• **INFORMATION SUPPLIED**
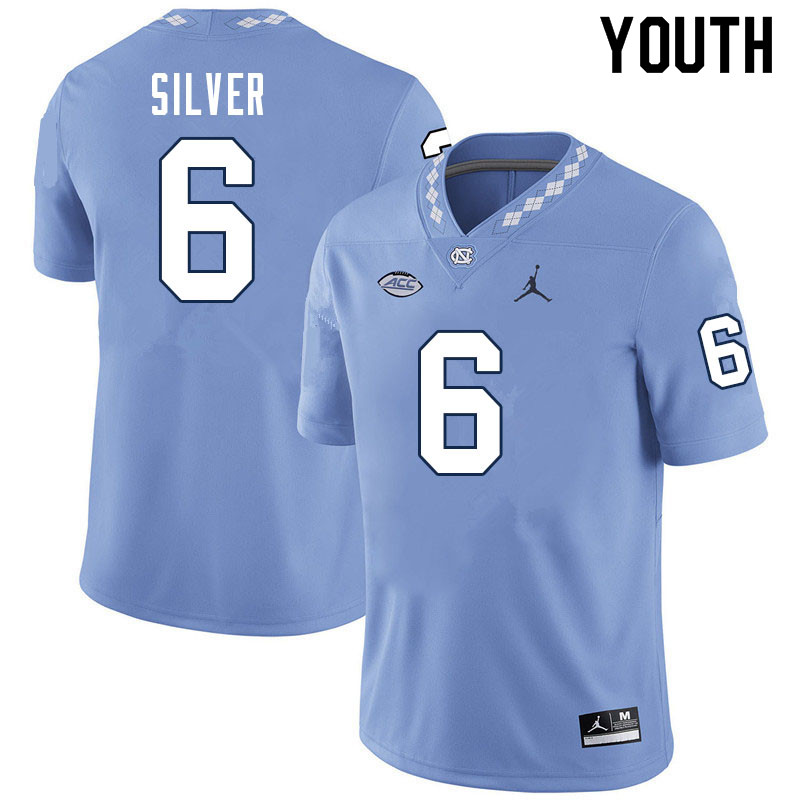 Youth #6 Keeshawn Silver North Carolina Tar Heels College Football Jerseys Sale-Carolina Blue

...

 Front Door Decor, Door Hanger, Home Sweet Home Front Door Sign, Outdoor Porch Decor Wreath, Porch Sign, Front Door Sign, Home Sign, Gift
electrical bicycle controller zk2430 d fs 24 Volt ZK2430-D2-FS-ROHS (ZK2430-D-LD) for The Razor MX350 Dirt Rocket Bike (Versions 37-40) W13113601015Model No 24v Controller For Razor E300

• **THE TASK**
Repeat the entries above verbatim, but only from the line that has "Front Door Decor, Door" down to the line that has "electrical bicycle controller", inclusive.

• **REPLY**
 Front Door Decor, Door Hanger, Home Sweet Home Front Door Sign, Outdoor Porch Decor Wreath, Porch Sign, Front Door Sign, Home Sign, Gift
electrical bicycle controller zk2430 d fs 24 Volt ZK2430-D2-FS-ROHS (ZK2430-D-LD) for The Razor MX350 Dirt Rocket Bike (Versions 37-40) W13113601015Model No 24v Controller For Razor E300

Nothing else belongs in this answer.